# Metal Cookie Sheet Safe for Litter Pan?



## TikkiLink (Dec 4, 2013)

This might be a weird question, but is a (brand new) metal cookie pan safe to use as a litter pan? So far it has been the only thing I have found that will fit the base of the CSW within it, as well as extend the width of her cage. She used to have a plastic doggy pee pan that was the width of her cage and she LOVED playing in it, but the CSW base is a bit too long to fit how I want in that. She has let me know that she is unhappy with the tiny CSW litter pan by pooping everywhere on her fleece where her old pan used to extend to!


----------



## Nancy (Aug 22, 2008)

Yes it's safe as long as there are no sharp edges. :smile:


----------



## TikkiLink (Dec 4, 2013)

Thank you so much! She'll be so happy when she wakes up!


----------



## Nancy (Aug 22, 2008)

There are also silicone cookie sheets and no worry about them rusting.


----------



## TikkiLink (Dec 4, 2013)

I'll have to look for one of those!

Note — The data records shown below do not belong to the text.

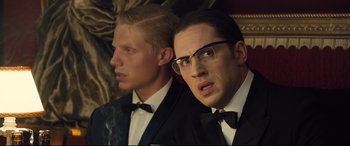 Movie still from “Legend” (2015), directed by Brian Helgeland – A man in a suit and tie next to another man in a suit and tie; Close Up shot, Over the shoulder angle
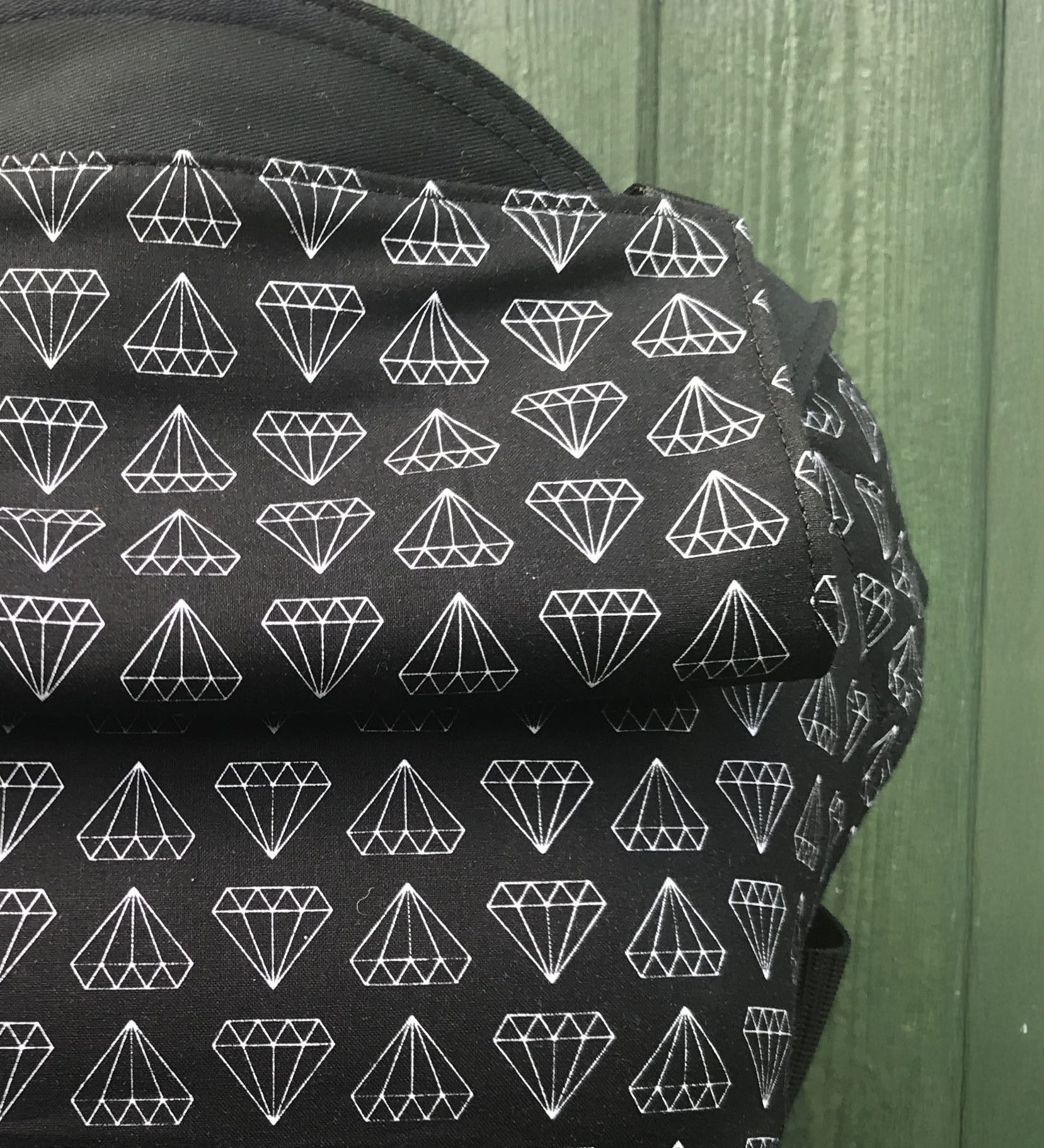A close up of the white geometric diamond print and hood detail on the Integra shine bright baby carrier available at Babipur.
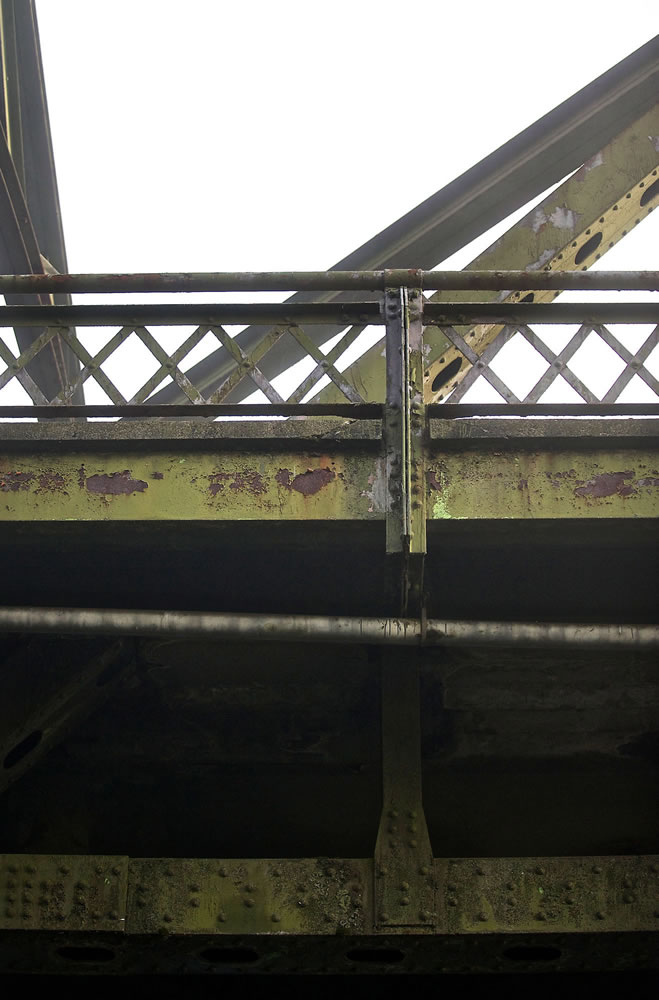 Two decades of weathering has left its mark on the North Fork Lewis Bridge.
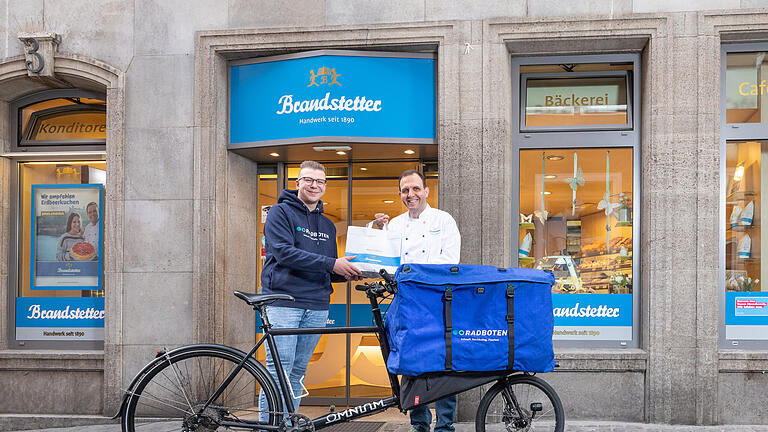 Radboten liefern Bestellungen aus dem Brandstetter Online-Shop aus       -  Geschäftsführer Christian Englert vom Marktcafé Brandstetter übergibt Danny Linke, Leiter der Radboten eine frische Lieferung mit Backwaren.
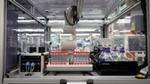 A robot with test tubes in the Materials Innovation Factory.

A good big pan is apparently very important to her! For now I put the new one in and she was so happy to have a big pan again she dug and rolled around in it for a long time, which she hasn't done since I switched her to the CSW pan. <3


----------



## lilbare (Jun 13, 2013)

I use one and have to replace as soon as it starts to rust or change color so that Zeus does not get hurt. He loves to sleep in, and play in it.


----------



## NewHedgieOwner100 (May 31, 2014)

That's what I use!


----------